Cryptographic proofs (Proof of X, where the X can be anything) in the context of blockchains are simply a way to ensure that all decentralised participants willing to secure the network — nodes or miners — can reach agreement on the correct state of the latest version of the blockchain.
At the heart of the problem with Proof of X is the blockchain trilemma, a term coined by Vitalik Buterin. That is: blockchains can only possess two of these three aspects at any one time: decentralised, scalable and secure.
Complicating the issue is the fact that environmental concerns are barrelling towards cryptocurrency at accelerated speed. Scaling blockchains and integrating them into world financial systems is no longer seen as an impossible dream. It is fact. This has put intense pressure on the industry to demonstrate that coins and token projects can scale without sacrificing vast energy use to do so. But it may have to happen without Bitcoin’s Proof of Work (PoW), which is decentralised and secure, but not very scalable.
PoW cryptocurrencies are in the spotlight now because of the unintended consequences of expending massive amounts of electricity to secure a blockchain network. Proving that work has taken place — in this case, the computing power expended to solve increasingly complex equations — is the fundamental part that makes those blockchains secure.
And in light of the Paris Agreement, and the need to cut carbon emissions to mitigate the worst effects of global warming, having hundreds of thousands of mining machines across the globe spinning 24/7 to make mathematical calculations no longer seems reasonable.
Elon Musk’s reversal in his support for the number one cryptocurrency — ostensibly on energy-use grounds — has helped turn sentiment south at a time when the market was due a correction anyway. But from a broader perspective, in line with net zero targets in all industries, PoW is becoming difficult to defend. There are efforts to green Bitcoin — using stranded energy at the edge of the grid, or using 100% renewables. And coal-focused China’s reduction in hashpower through its recent mining ban could aid this endeavour.

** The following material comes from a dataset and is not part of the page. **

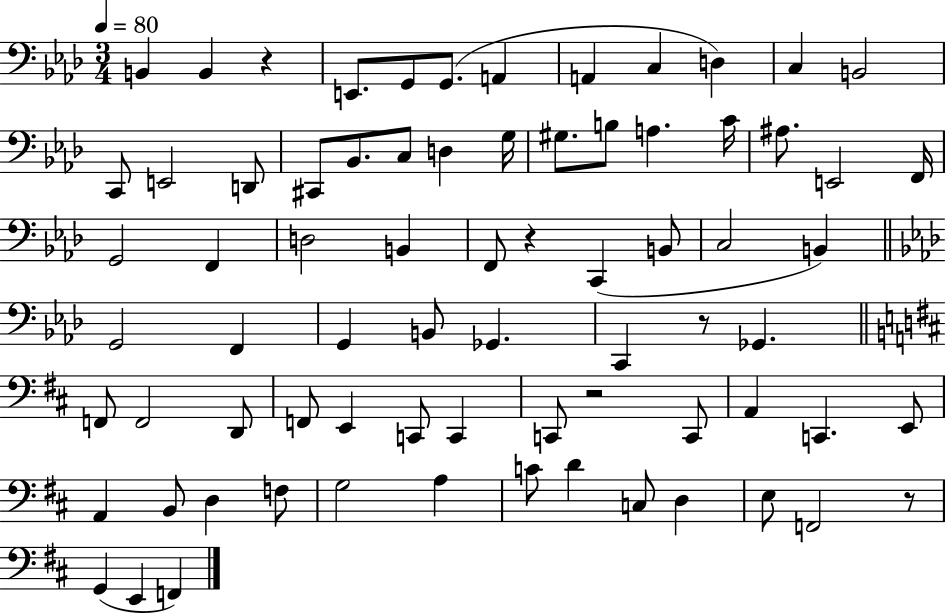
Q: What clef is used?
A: bass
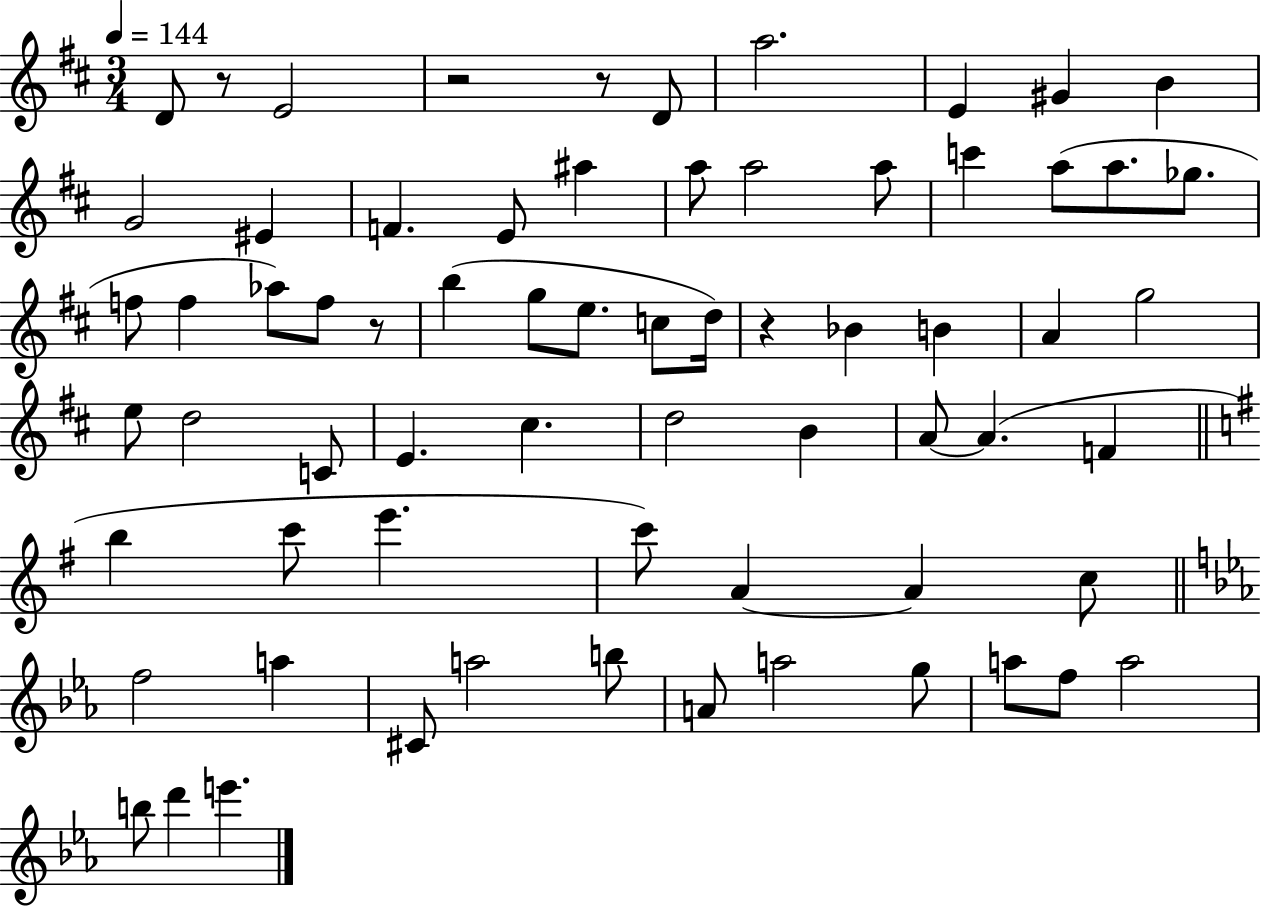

So what are the other Proofs making waves in blockchain today?
Ethereum’s move to Proof of Stake (PoS) should consume 99.95% less energy than the blockchain does today. That’s according to one prominent developer at the Ethereum Foundation, writing in a blog post titled ‘A country’s worth of power no more!’
Proof of Stake removes the need to mine — and expend processing power — but does come with security issues. As this post on Bitcoin Stack Exchange explains: “People staking their coin can vote for both forks of a blockchain, and can even mine effortlessly in secret. In PoW this is impossible, as you are literally wasting energy [and money] by mining both sides of a fork.”
So it wins on decentralisation and scalability, but not security.
Proof of stake (PoS) cryptos effectively created the DeFi industry, with traders farming for yield and using their holdings as collateral for cryptoasset loans and borrowing and creating liquidity pools for automated market makers. So it is unlikely to disappear overnight.
The recently-launched Chia Network, designed takes the concept of Proof of Work and tweaks it to use hard-disk space instead of raw processing power. Proof of Space Time (PoST) may reduce PoW-style calculations but itself comes with the unintended consequence of increasing physical waste, as hard disks wear out quickly. The upshot of the Chia network may reduce PoW-style calculations, but may also increase physical waste. In fact within weeks of launch Chia farming contributed to the skyrocketing price of high-capacity hard disks. Global electronic waste is a major problem, as most goes to landfill, according to the Global e-waste Statistics Partnership.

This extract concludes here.